Problem to work on: Among the entries that follow, locate the line with "Vintage 90’s Sheer" and the line with "RACCORDO FILETTATO A". Output those lines and all lines in between, exactly, minus the pictures.

─── Data supplied ───

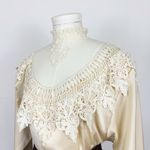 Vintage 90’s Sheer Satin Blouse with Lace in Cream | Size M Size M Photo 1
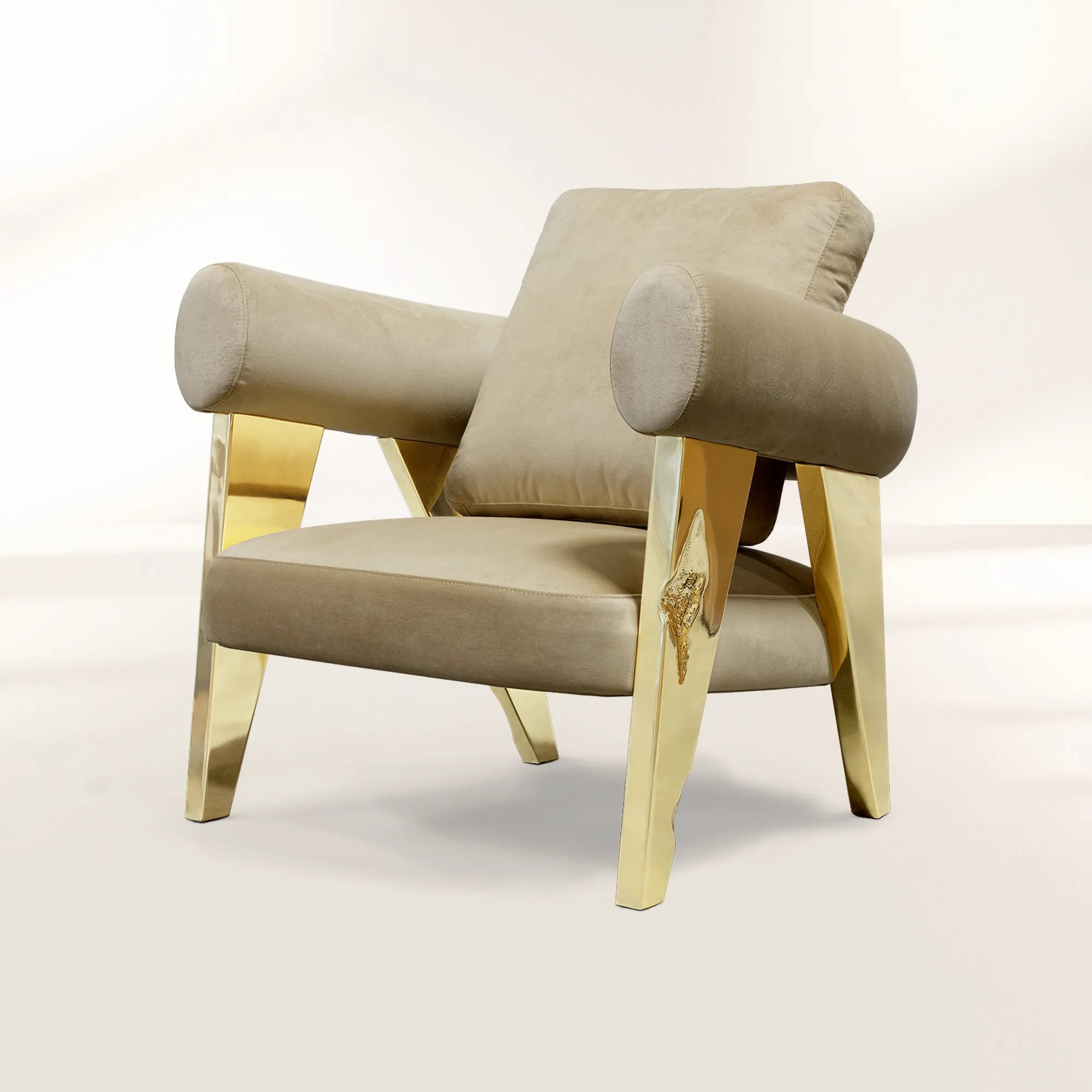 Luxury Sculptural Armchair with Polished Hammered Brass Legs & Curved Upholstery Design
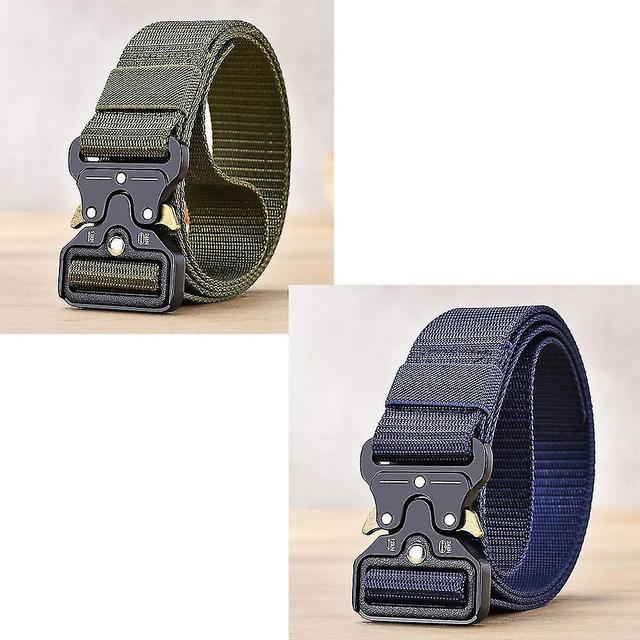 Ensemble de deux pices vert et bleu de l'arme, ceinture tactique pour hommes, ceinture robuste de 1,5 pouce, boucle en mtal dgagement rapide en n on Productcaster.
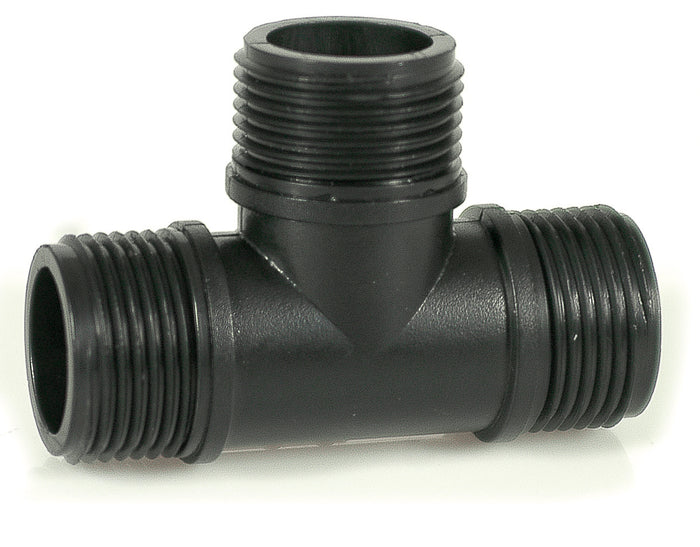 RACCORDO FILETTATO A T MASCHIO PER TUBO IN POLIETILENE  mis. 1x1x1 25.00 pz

───
─── Data supplied ───

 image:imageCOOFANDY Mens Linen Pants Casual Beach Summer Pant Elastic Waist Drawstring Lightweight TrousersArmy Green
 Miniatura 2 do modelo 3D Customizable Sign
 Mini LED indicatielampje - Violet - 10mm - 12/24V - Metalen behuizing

───
─── Data supplied ───

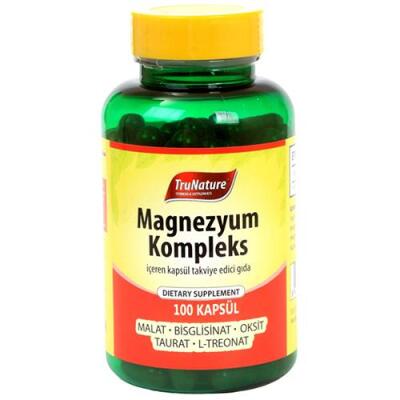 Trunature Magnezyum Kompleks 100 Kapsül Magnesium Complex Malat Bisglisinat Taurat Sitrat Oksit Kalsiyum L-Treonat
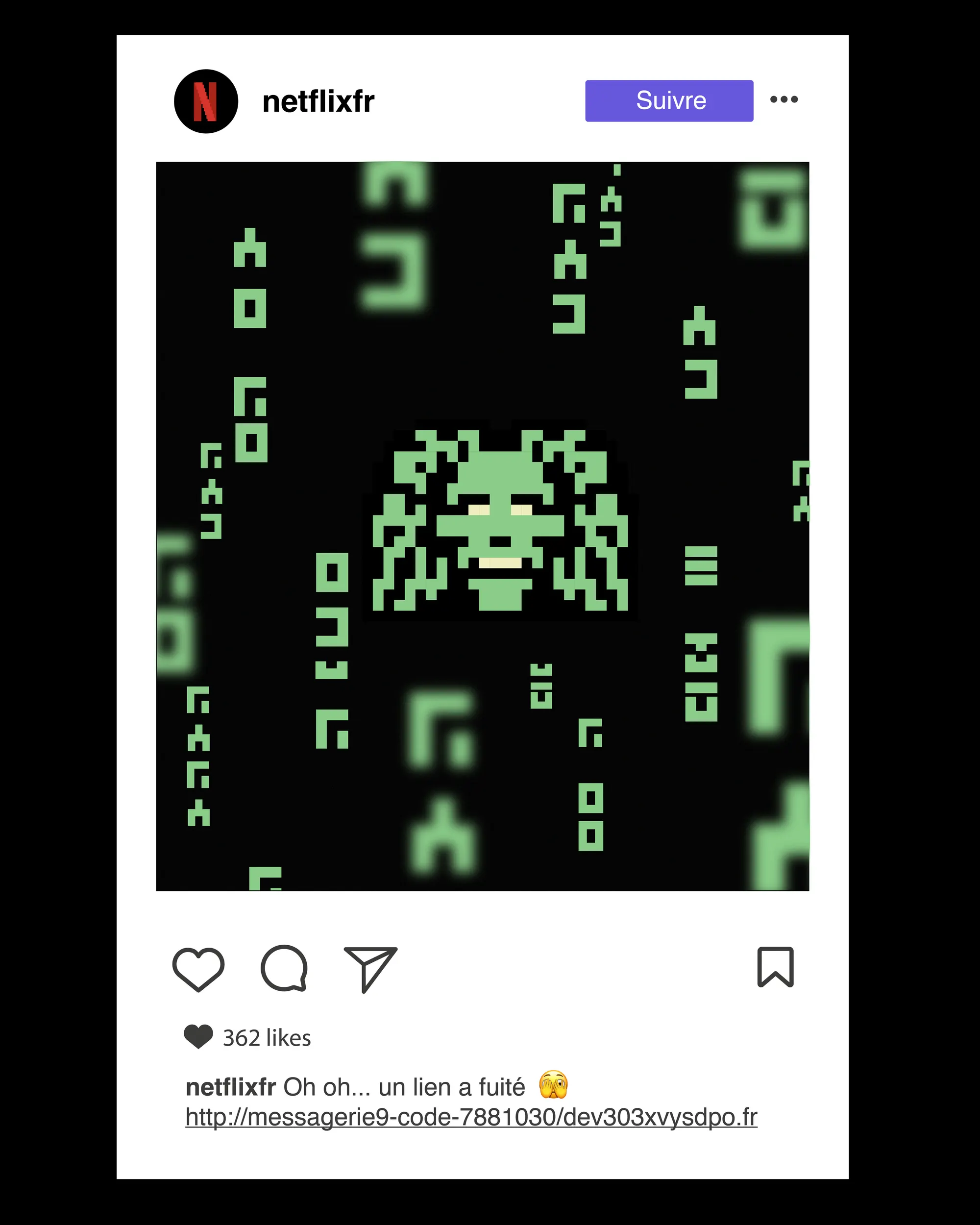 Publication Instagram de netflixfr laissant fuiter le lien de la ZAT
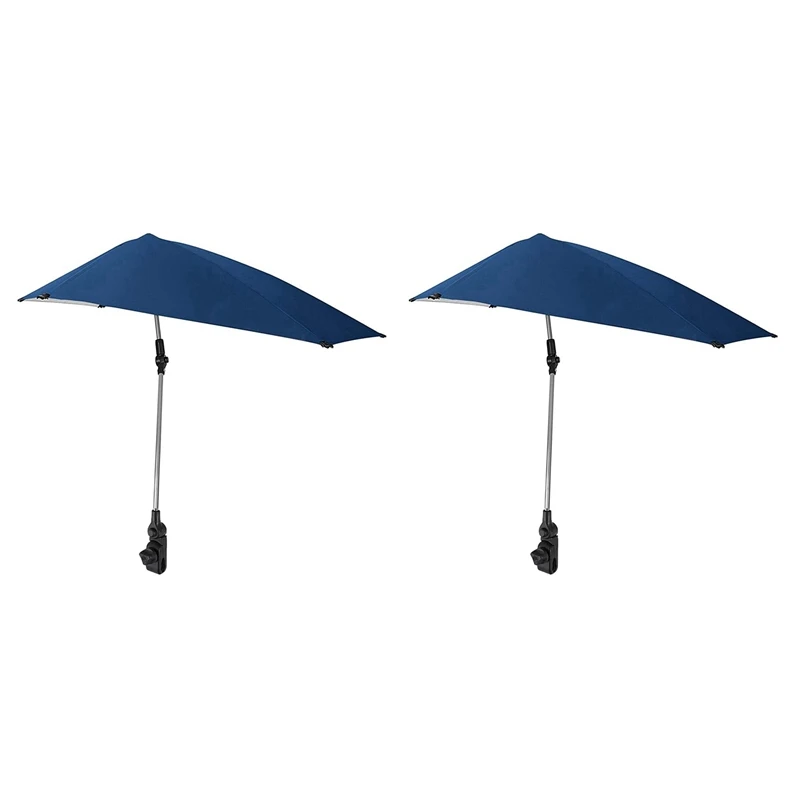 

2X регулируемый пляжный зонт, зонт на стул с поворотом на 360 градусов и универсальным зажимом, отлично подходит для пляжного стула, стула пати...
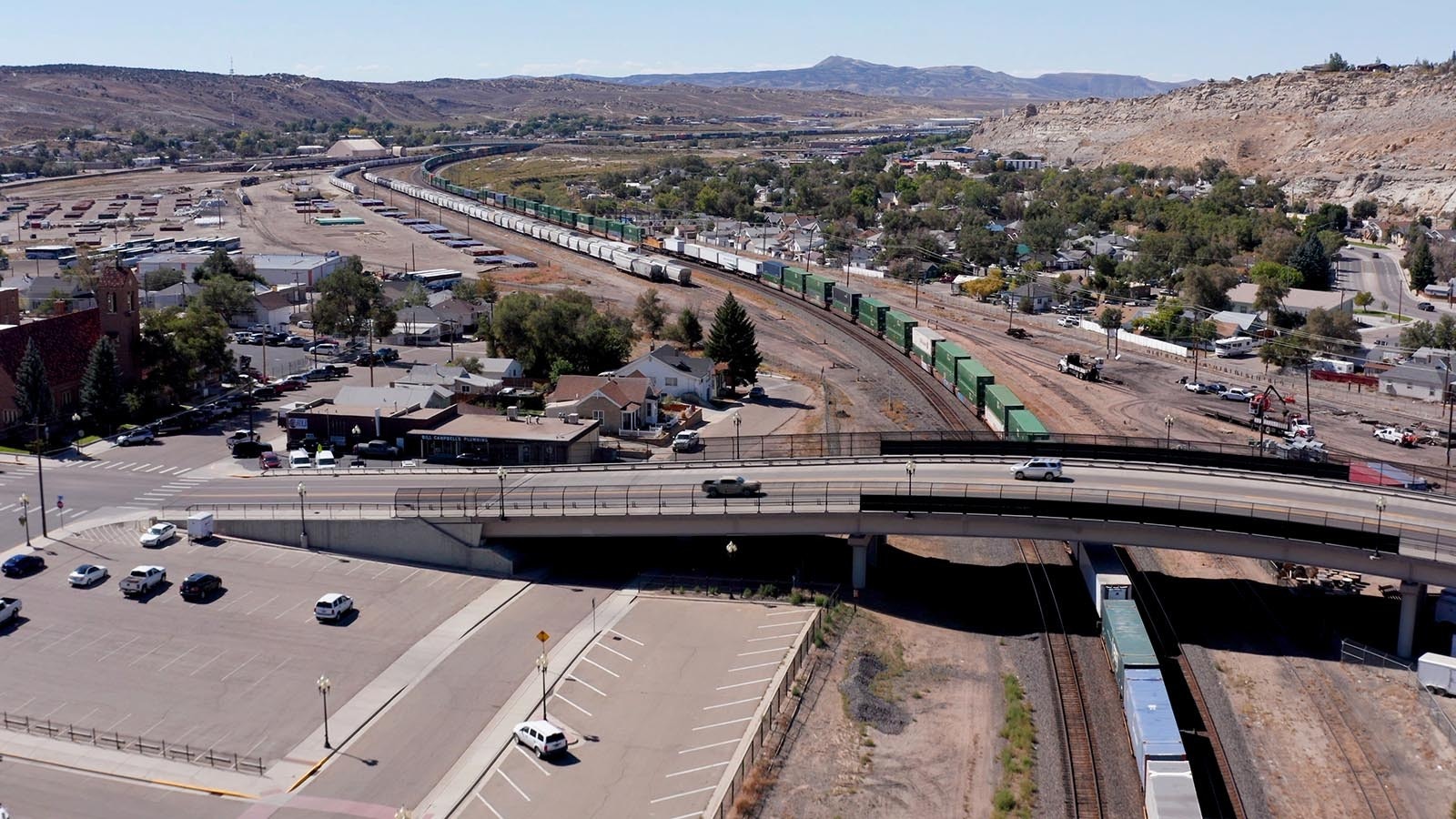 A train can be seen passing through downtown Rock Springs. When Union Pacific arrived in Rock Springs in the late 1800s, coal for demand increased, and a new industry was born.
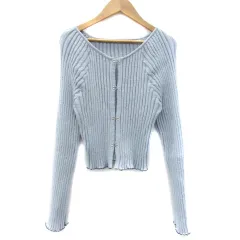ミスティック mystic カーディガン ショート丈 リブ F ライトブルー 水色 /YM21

───

Response area:
 Vintage 90’s Sheer Satin Blouse with Lace in Cream | Size M Size M Photo 1
 Luxury Sculptural Armchair with Polished Hammered Brass Legs & Curved Upholstery Design
 Ensemble de deux pices vert et bleu de l'arme, ceinture tactique pour hommes, ceinture robuste de 1,5 pouce, boucle en mtal dgagement rapide en n on Productcaster.
 RACCORDO FILETTATO A T MASCHIO PER TUBO IN POLIETILENE  mis. 1x1x1 25.00 pz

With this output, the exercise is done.